» Task requirements: Among the records that follow, set down only the lines from the one containing "Puffin Skomer" to the one containing "Field Of Lights", both included, exactly.
Content starts
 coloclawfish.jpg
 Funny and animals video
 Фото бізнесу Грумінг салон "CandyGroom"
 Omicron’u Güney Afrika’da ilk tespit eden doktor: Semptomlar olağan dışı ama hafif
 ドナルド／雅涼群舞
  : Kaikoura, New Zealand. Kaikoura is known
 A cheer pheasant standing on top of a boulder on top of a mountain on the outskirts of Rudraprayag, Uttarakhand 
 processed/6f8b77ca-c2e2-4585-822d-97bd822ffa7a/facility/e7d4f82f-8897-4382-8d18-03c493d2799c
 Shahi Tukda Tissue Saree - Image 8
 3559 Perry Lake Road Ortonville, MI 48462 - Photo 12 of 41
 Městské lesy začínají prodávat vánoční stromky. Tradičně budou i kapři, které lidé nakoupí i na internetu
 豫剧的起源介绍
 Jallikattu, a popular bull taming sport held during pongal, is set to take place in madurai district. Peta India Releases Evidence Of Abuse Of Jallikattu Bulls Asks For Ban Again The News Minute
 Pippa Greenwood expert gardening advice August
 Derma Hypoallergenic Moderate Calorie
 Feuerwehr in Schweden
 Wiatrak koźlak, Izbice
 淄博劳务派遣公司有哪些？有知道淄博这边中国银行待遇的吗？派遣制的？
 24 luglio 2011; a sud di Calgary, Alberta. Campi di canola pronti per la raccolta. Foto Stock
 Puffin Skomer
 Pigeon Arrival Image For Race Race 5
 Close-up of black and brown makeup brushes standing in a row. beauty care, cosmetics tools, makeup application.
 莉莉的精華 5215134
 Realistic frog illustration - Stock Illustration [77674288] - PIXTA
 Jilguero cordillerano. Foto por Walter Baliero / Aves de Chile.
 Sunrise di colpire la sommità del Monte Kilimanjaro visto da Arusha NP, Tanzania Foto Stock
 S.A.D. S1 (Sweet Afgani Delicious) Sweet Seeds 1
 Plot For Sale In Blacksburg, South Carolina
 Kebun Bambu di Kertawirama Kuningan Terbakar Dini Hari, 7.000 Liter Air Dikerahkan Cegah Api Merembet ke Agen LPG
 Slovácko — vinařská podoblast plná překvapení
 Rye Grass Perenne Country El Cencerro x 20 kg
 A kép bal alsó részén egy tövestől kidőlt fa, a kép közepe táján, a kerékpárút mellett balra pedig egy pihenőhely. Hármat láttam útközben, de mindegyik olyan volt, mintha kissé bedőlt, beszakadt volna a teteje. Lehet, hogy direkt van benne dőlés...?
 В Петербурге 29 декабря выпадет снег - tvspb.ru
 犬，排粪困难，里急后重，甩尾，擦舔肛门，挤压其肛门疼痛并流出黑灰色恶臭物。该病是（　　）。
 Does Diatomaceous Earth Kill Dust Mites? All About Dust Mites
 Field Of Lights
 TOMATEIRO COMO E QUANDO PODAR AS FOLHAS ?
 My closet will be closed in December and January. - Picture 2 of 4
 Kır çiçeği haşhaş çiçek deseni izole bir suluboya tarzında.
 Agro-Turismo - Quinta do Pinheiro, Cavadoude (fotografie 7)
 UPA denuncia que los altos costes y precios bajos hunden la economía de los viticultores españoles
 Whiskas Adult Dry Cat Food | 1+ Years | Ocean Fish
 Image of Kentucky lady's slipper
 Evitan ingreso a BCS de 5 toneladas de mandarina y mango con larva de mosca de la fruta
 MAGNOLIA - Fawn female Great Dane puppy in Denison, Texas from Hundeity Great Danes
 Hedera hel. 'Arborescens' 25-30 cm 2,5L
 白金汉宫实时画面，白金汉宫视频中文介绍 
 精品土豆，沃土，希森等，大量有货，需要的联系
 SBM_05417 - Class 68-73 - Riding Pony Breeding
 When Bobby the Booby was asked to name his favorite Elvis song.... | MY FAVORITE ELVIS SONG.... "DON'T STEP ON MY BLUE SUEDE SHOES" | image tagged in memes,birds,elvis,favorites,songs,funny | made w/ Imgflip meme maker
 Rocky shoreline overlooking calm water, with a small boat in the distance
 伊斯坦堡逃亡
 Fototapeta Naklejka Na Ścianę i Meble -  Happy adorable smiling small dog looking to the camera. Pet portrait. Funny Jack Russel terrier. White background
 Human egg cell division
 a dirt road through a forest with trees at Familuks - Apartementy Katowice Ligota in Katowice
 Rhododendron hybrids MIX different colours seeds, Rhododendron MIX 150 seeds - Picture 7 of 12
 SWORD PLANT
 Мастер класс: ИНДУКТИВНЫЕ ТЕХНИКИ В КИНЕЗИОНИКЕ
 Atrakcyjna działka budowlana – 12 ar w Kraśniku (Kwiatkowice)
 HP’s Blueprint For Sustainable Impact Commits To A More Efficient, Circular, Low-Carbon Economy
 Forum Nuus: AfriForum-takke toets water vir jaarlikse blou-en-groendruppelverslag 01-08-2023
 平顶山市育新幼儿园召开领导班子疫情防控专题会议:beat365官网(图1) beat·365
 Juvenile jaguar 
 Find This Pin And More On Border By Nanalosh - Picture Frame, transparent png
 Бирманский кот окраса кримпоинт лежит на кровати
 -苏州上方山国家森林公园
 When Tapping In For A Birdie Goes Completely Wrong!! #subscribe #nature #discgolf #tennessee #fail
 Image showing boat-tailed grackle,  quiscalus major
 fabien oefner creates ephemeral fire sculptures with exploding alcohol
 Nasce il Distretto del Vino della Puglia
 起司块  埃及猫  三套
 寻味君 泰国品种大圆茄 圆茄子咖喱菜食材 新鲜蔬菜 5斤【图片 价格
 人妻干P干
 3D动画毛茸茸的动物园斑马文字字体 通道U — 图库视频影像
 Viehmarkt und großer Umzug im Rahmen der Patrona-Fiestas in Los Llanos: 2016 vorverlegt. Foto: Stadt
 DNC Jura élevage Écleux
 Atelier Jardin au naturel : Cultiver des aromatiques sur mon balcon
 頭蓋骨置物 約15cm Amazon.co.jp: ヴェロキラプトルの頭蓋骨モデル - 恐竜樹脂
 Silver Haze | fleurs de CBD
Content ends
» Task output:
 Puffin Skomer
 Pigeon Arrival Image For Race Race 5
 Close-up of black and brown makeup brushes standing in a row. beauty care, cosmetics tools, makeup application.
 莉莉的精華 5215134
 Realistic frog illustration - Stock Illustration [77674288] - PIXTA
 Jilguero cordillerano. Foto por Walter Baliero / Aves de Chile.
 Sunrise di colpire la sommità del Monte Kilimanjaro visto da Arusha NP, Tanzania Foto Stock
 S.A.D. S1 (Sweet Afgani Delicious) Sweet Seeds 1
 Plot For Sale In Blacksburg, South Carolina
 Kebun Bambu di Kertawirama Kuningan Terbakar Dini Hari, 7.000 Liter Air Dikerahkan Cegah Api Merembet ke Agen LPG
 Slovácko — vinařská podoblast plná překvapení
 Rye Grass Perenne Country El Cencerro x 20 kg
 A kép bal alsó részén egy tövestől kidőlt fa, a kép közepe táján, a kerékpárút mellett balra pedig egy pihenőhely. Hármat láttam útközben, de mindegyik olyan volt, mintha kissé bedőlt, beszakadt volna a teteje. Lehet, hogy direkt van benne dőlés...?
 В Петербурге 29 декабря выпадет снег - tvspb.ru
 犬，排粪困难，里急后重，甩尾，擦舔肛门，挤压其肛门疼痛并流出黑灰色恶臭物。该病是（　　）。
 Does Diatomaceous Earth Kill Dust Mites? All About Dust Mites
 Field Of Lights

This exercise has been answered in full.